But there is one story that gets me. It’s not roll-in-the-floor, slap-your-knee kind of humor, but it does have more than its share of irony, and it gets pretty close to outright sarcasm.

It’s a story you probably know from the 9th chapter of John. Jesus’ disciples see a man born blind and want to affix the blame for his blindness: “The man or his parents?” they ask, not realizing the absurdity of blaming a man blind since birth for his condition—a prenatal sin nature I guess. Jesus waves off their foolishness and heals the man.

But the healing is really not the most interesting part of the story (try telling the blind man that!). After he is out and about, seeing just fine, he runs into the Pharisees—the religious hierarchy of the day. They’re not buying the, “Jesus healed me” thing. They question the blind man, then they go to his parents, then they come back to him saying, “Give glory to God by telling us the truth; we know this man [Jesus] is a sinner.”

This is where it gets good. An impoverished, uneducated, formerly blind beggar is about to take the Pharisees to school. Hear the irony: “Whether he is a sinner, I don’t know. One thing I do know, I was blind; now I see.”

So they make another run at him, and he responds again, “I have told you already, and you did not listen. Do you want to hear it again? Do you want to become his disciples too?”

Now they are enraged; they blast the blind man, blast Jesus and invoke Moses.

But this guy has been made to see, and he’s not going to let the Pharisees get under his skin. So finally, he decides to give them as good as they are giving; the poor beggar versus the religious hierarchy becomes a mismatch. Read with sarcasm: “Now that is remarkable. You don’t know where he comes from, yet he opened my eyes.”

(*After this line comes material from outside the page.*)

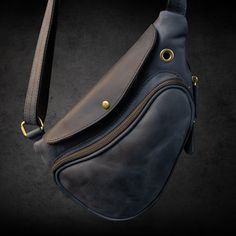 "The Fit Bag Indigo model is made of cowhide leather with a \"Crazy Horse\" finish. The peculiarity of this material is that in the process of operation, the effect of \"aging\" appears, which gives the product a special charm and charisma. Hardware, \"old brass\" colors, also play an important role in the vintage look of the accessory. It has two main compartments, a shoulder strap with leather inserts and a protective flap.  It is possible to increase the volume of the bag by opening the zipper on the outside.  Size 32 cm × 20 cm × 5 cm. Belt circumference 120 cm. Whether it's a casual day out or a business meeting, this crossbody bag offers convenience and style. It's also a great option for a Father's Day gift or a personalized gift set for men. With its adjustable strap and compact de Leather Pouch Chest Bag For Travel, Leather Shoulder Chest Bag For Everyday Use, Leather Chest Bag For Daily Use, Leather Chest Bag With Leather Lining For Travel, Soft Leather Chest Shoulder Bag, Leather-backed Crossbody Chest Bag For Daily Use, Leather Backed Crossbody Chest Bag For Daily Use, Leather Chest Bag With Leather Lining For Everyday Use, Leather Chest Bag For Everyday Use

These Pharisees are too interested in preserving their places in society, in the temple. They want nothing to do with this outsider, this Jesus, who has not been properly vetted.

And now to the moral of the story: making sure that we have crossed every doctrinal T and dotted every dogmatic I does not mean much to a world that is blind, hurting, lost. What they need from us is not proclamation from the pulpit nearly so much as they need to find us healing their blindness, feeding their hunger, and introducing them to the Good News of Jesus Christ.